Su Maronide possiamo dire ancora qualcosa.

Esiste infatti una scultura in marmo che rappresenta questo personaggio; è databile al 300-280 a.C. circa ed è nota da copie romane (che si trovano alla Gliptoteca di Monaco e ai Musei Capitolini di Roma: la copia romana fu ritrovata nel 1620 durante lavori di restauro della chiesa di S. Agnese sulla via Nomentana).

Plinio il Vecchio (Naturalis historia XXXVI, 32) attribuì la scultura di una “vecchia ubriaca di Smirne” (che ai suoi tempi si poteva ammirare appunto in Asia Minore) al famoso scultore Mirone, vissuto nel V secolo a.C.

Lo stile dell’opera però è chiaramente ellenistico: probabilmente vi fu un errore dei copisti latini che trascrissero, anziché il nominativo Maronis, il genitivo Myronis, scambiando così il nome attribuito alla vecchia con quello del noto scultore antico e traducendo come “la vecchia di Mirone” (Maronis anus ebria Zmyrnae in primis incluta).

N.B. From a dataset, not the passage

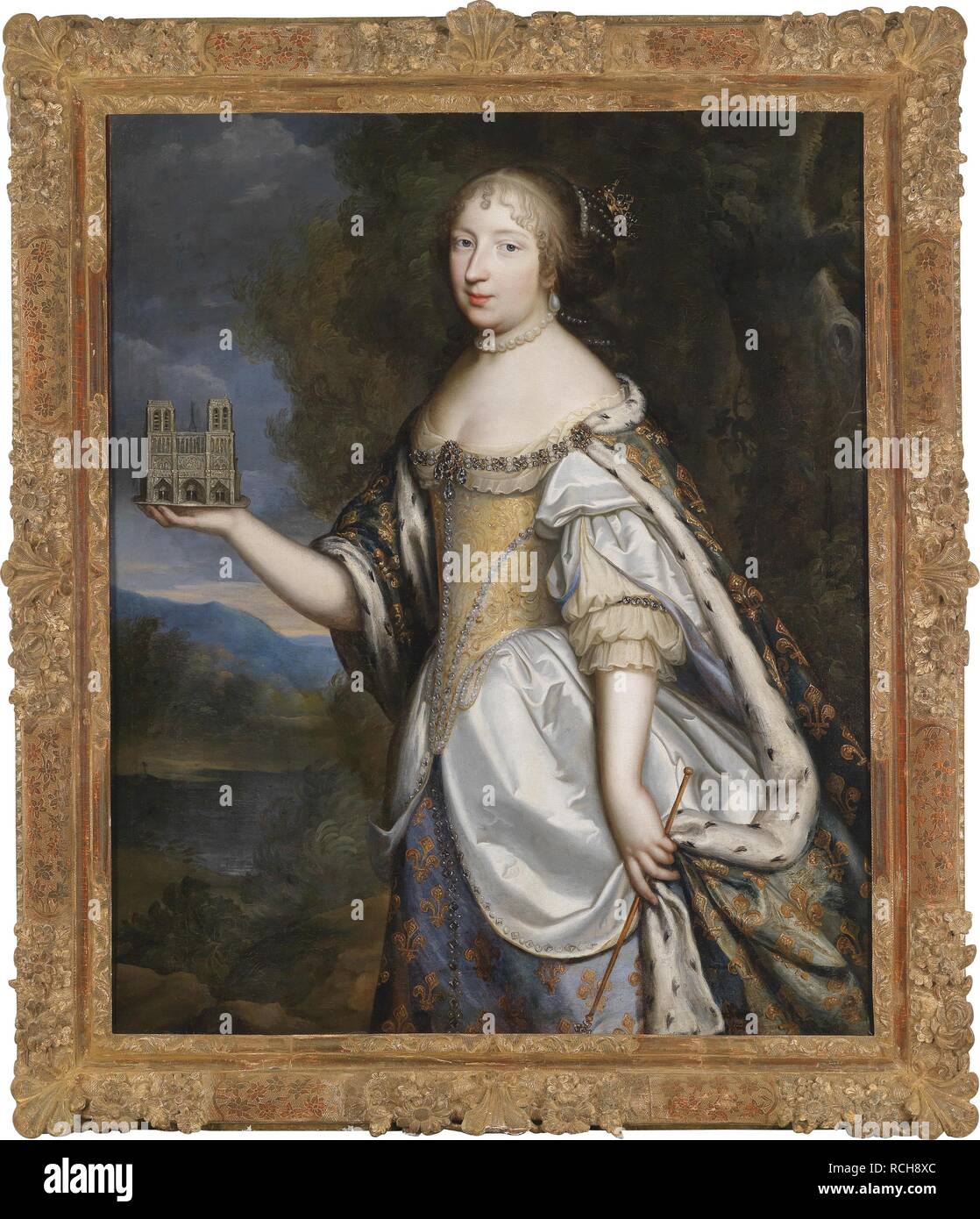 Portrait von Maria Theresia von Spanien (1638-1683), Königin von Frankreich und Navarra. Museum: private Sammlung. Autor: BEAUBRUN, Charles. Stockfoto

Gli storici dell’arte attribuiscono invece l’opera a un tale Mirone di Tebe, vissuto alla metà del III secolo a.C. e attivo alla corte di Pergamo.

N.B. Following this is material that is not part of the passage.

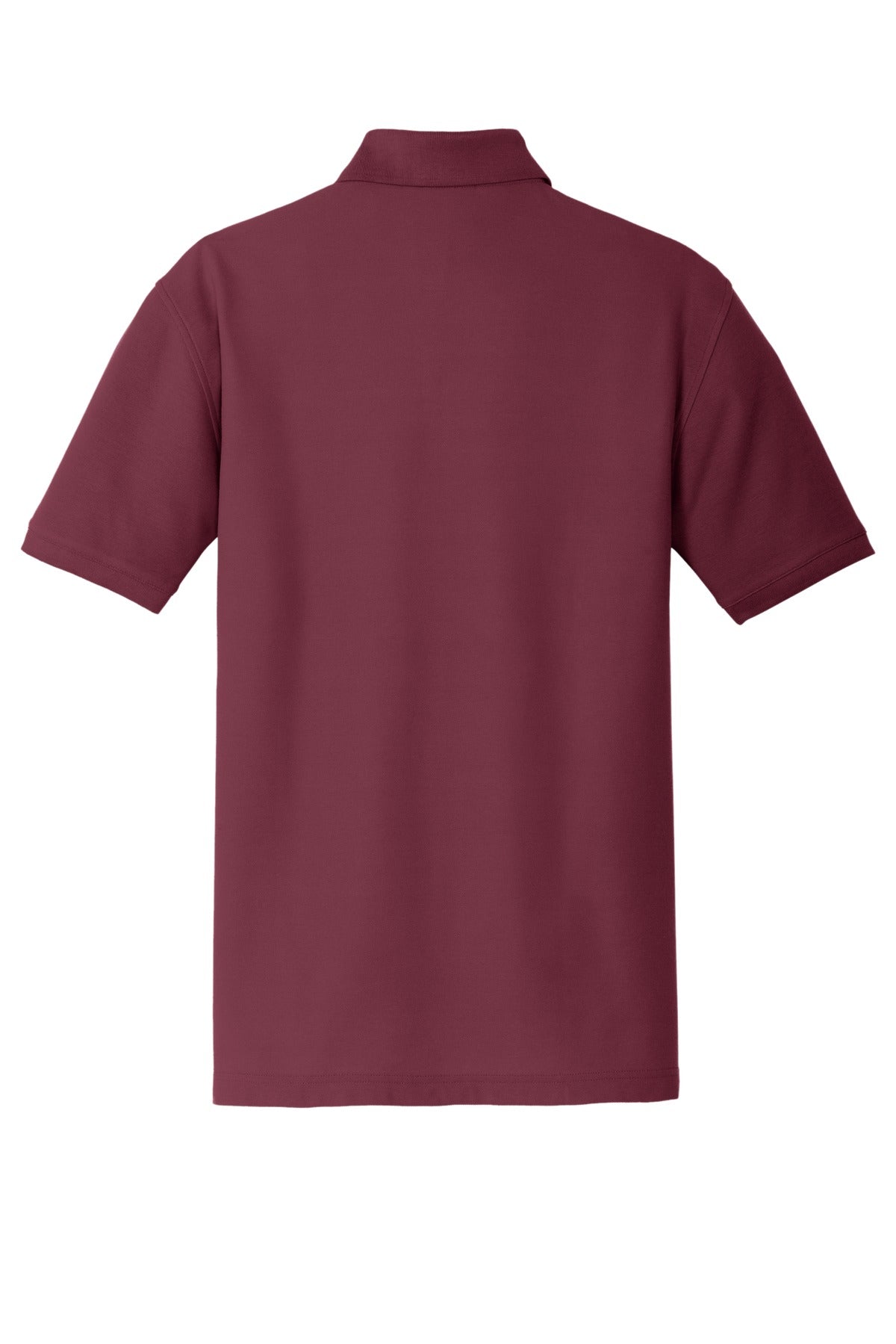 Port Authority Core Classic Pique Polo - Burgundy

Soggetto della scultura è la nostra Maronide, un’anziana donna ubriaca, che sta distesa a terra con il busto alzato e la testa rivolta all’indietro; tiene tra le braccia un otre di vino (coronato dall’edera dionisiaca) e appare già in preda ai fumi dell’alcool: il volto rugoso presenta la bocca aperta e uno sguardo perso nel vuoto.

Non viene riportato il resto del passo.